De todo modo, esse é um tipo de saída, de postura cínica muito
próxima a todos nós; num mundo moderno que nega suas próprias
raízes cristãs - como expõe a professora Marta Cartabia na
Assembléia Internacional dos Responsáveis de Comunhão e
Libertação, em La Thuille - é uma inclinação recorrente lidar com
todas as questões de modo muito abstrato, isto é, nem sempre
estamos dispostos a sacrificar nossos esquemas para enxergar o
outro como um ser humano. Quando se trata do tema violência, é
ainda mais fácil desumanizar o policial, muitas vezes pai de família, e
o bandido, merecedor das punições jurídicas, mas também digno de
um tratamento honesto. Mas quem pode, afinal, valorizar todos os
elementos em jogo e conferir tratamento adequado a eles? Caso se
assuma a própria precariedade diante dessa exigência, é difícil que
não nasça um pedido, o de levar adiante, com a ajuda de Cristo, a
luta contra a lógica do poder que se instaura no nosso íntimo e se
reflete no processo de mortificação da nossa humanidade.
A única possibilidade de fugir do cinismo e do niilismo, que é a
grande tentação numa situação dessas, é olhar profundamente e se
medo para o próprio coração, como nos fala o padre Carrón no texto
“Feridos, voltamos para Cristo”:
“Tudo isso serviu para colocar diante de nossos olhos a
natureza da nossa exigência de justiça.
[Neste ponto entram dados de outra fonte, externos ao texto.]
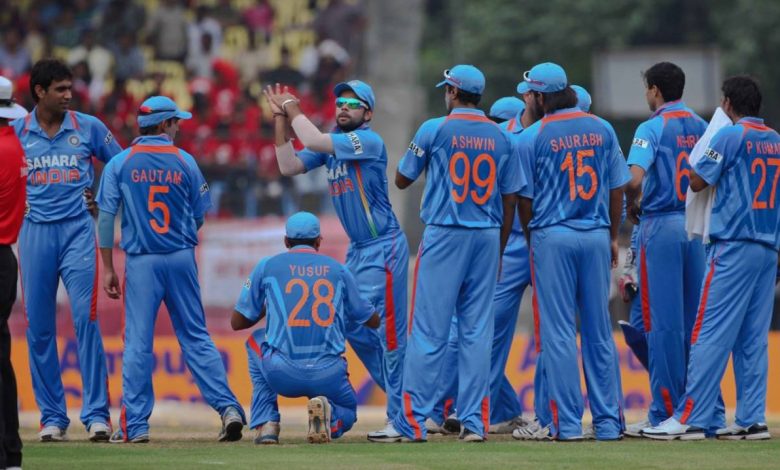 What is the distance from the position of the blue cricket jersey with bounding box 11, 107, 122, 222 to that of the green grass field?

É sem confins. Sem fundo.
Tanto quanto o é também a profundidade da ferida. Incapaz de ser
esgotada tão infinita é.” Os policiais e o governo se encontram diante
de um desafio semelhante ao das vítimas, e até mesmo dos bandidos.
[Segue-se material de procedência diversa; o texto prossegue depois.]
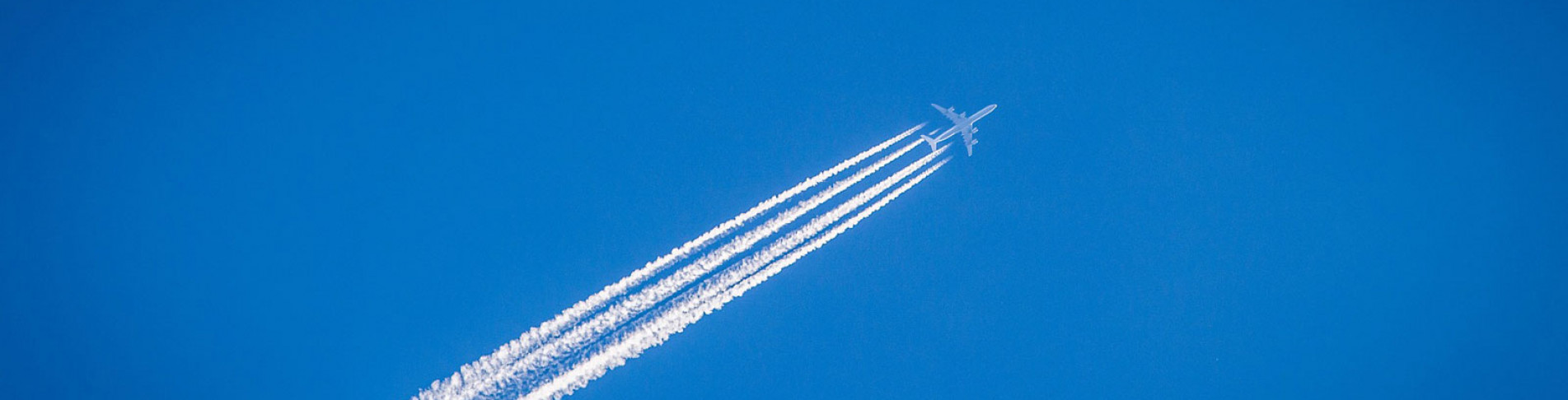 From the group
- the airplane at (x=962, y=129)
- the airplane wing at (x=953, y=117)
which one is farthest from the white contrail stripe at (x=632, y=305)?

Como nos fala ainda Carrón, no mesmo juízo sobre a pedofilia que
pode ser aplicado também a situação descrita no filme:
“Nada é suficiente para reparar o mal feito. Isto não quer dizer
tirar deles a responsabilidade, muito menos a condenação que a
justiça poderá lhes impor. Não bastará nem mesmo cumprir toda a
pena. Se esta é a situação, a questão ardente – que ninguém pode
evitar – é tão simples quanto inexorável: “Quid animo satis?”. O que
pode saciar a nossa sede de justiça? Esse ponto chegamos a tocar
com a mão toda a nossa incapacidade, genialmente expressa no
Brand de Ibsen: “Responde-me, ó Deus, na hora em que a morte me
assalta: não é, pois, suficiente toda a vontade de um homem para
conseguir uma só parte da salvação?”. Ou, dito com outras palavras:
pode toda a vontade do homem conseguir realizar a justiça pela qual
ansiamos? Por isso, mesmo aqueles mais exigentes, mais ávidos na
pretensão da justiça, não serão leais até o fundo de si mesmos com a
sua exigência de justiça, se não enfrentam esta sua incapacidade,
que é a de todos. Se isso não acontecesse, sucumbiríamos a uma
injustiça ainda mais grave, a um verdadeiro “assassinato” do
humano, porque para poder continuar a gritar justiça segundo a
nossa medida devemos fazer calar a voz do nosso coração.
É daqui que pode nascer a reconstrução do humano. A única
possibilidade de salvar a nossa exigência de justiça é o
reconhecimento da sua infinitude, do fato de só poder ser realizada
aceitando um “além”, pondo a nossa esperança não na construção de
sistemas tão perfeitos no qual ninguém precise ser bom, mas
aceitando um fato que é a vinda ao nosso encontro daquele que é o
feitor e a medida do nosso coração. Como diz Dom Giussani: “A
exigência de justiça é uma pergunta que se identifica com o homem,
com a pessoa. Sem a perspectiva de um outro, de uma resposta que
está para além das modalidades existenciais experimentáveis, a
justiça é impossível... Se fosse eliminada a hipótese de um 'além',
aquela exigência seria sufocada artificialmente”. Cristo é o único que
pode salvar nossa existência de justiça porque torna presente o além
no aquém. Como diz o Papa: “Ele mesmo vítima de injustiça e do
pecado”. E encerra Carrón: “Apelar a Cristo, portanto, não é buscar
um subterfúgio para escapar diante da exigência da justiça, mas é o
único modo para realizá-la plenamente”.